7. L'engagement de Delaunay avec les vêtements trouve son origine dans une robe de 1913, non incluse ici. En appliquant des patchs sur la surface d'un vêtement moulant, elle a créé une œuvre dans l'idiome dérivé du cubisme de sa peinture contemporaine. La superposition décorative animée de pièces de formes variées de tissus aux couleurs vives et texturées contrepoints sans élider complètement les courbes du corps galbé du porteur. Delaunay portait régulièrement cette tenue frappante à la salle de danse parisienne populaire, le Bal Bullier, et lors d'occasions publiques à haute visibilité, telles que les vernissages d'expositions aux Salons annuels. De plus, comme Rachel Silveri l'a montré ("Sonia Delaunay, 'Living Profoundly'", dans Art History 45, n° 1 [2021] : 36-65), elle a fait circuler pour publication dans la presse d'art des photographies mises en scène dans lesquelles elle porte sa tenue de marque. Cette stratégie est cohérente avec son refus de présenter son travail de design dans des contextes consacrés aux arts appliqués. Exposée en lien avec l'art moderne, elle s'est révélée comme un prolongement de sa pratique consciemment avant-gardiste.

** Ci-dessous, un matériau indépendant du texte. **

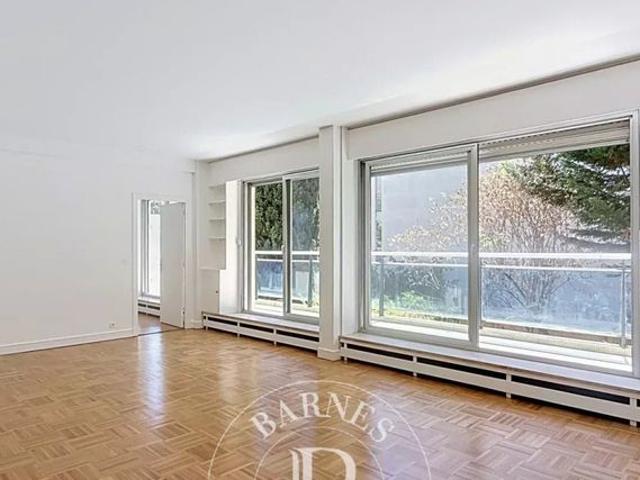 Appartement location à Orléans
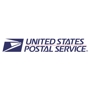 USPS - United States Post Office - Cpu Thompson Pharmacy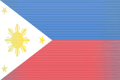 Flagphilippines.png (14 KB) Philippine Flag ( 100 70)
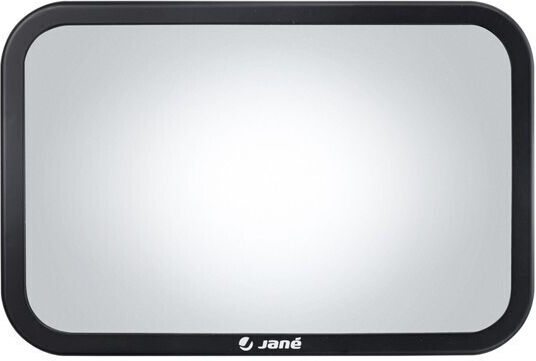 Jane Βρεφικός Καθρέπτης Αυτοκινήτου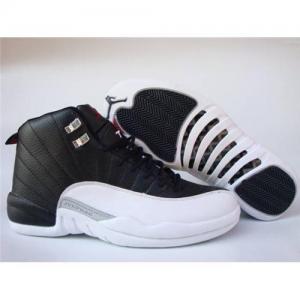 China Sell nike air max,nike shox,air force one,air jordan,air yeezy shoes,jeans,bags. on sale 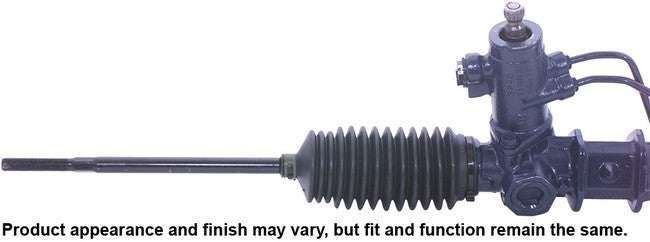 CARDONE Reman Rack and Pinion Assembly P/N:26-2108 Fits: Dodge Colt 94-93, Eagle Summit 96-93, Mitsubishi Mirage 01-93, Plymouth Colt 94-93 - Image 3
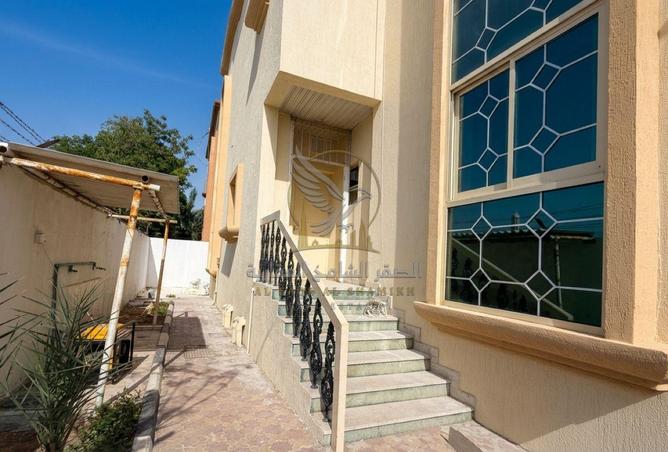 136116332 - Property Image 2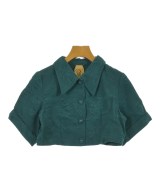 Tnewties ブラウス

8. En développant son exploration de 1913 du potentiel performatif du vêtement, la robe Cléopâtre de 1918 de Delaunay (maintenant trop fragile pour être prêtée) offre un précédent important. Comme le note Juliet Bellow, dans la danse culminante des voiles, les voiles étaient tenus comme un écran derrière l'héroïne, qui était pratiquement immobilisée dans un vêtement étroitement resserré, leurs plans colorés fusionnant avec sa robe dans un "tableau vivant". (« Façonner Cléopâtre : la nouvelle femme de Sonia Delaunay », Art Journal 68, n° 2 (2009) : 17.)
9. À partir du moment où en 1917, avec le début de la révolution bolchevique, lorsque la source de sa richesse héritée - et la base du revenu familial - s'est tarie, elle a reconnu que son rôle inclurait d'être le soutien de famille pour sa famille.
10. Pour une introduction importante à la profonde interdépendance de la biographie et de l'œuvre, et aux questions d'agentivité et d'autodétermination, essentielles dans la pratique de Delaunay, voir Griselda Pollock, « Art Criticism and the Problem of the Non-Modern Story of Modern Art » (2015), réimprimé dans Sonia Delaunay, 28–39.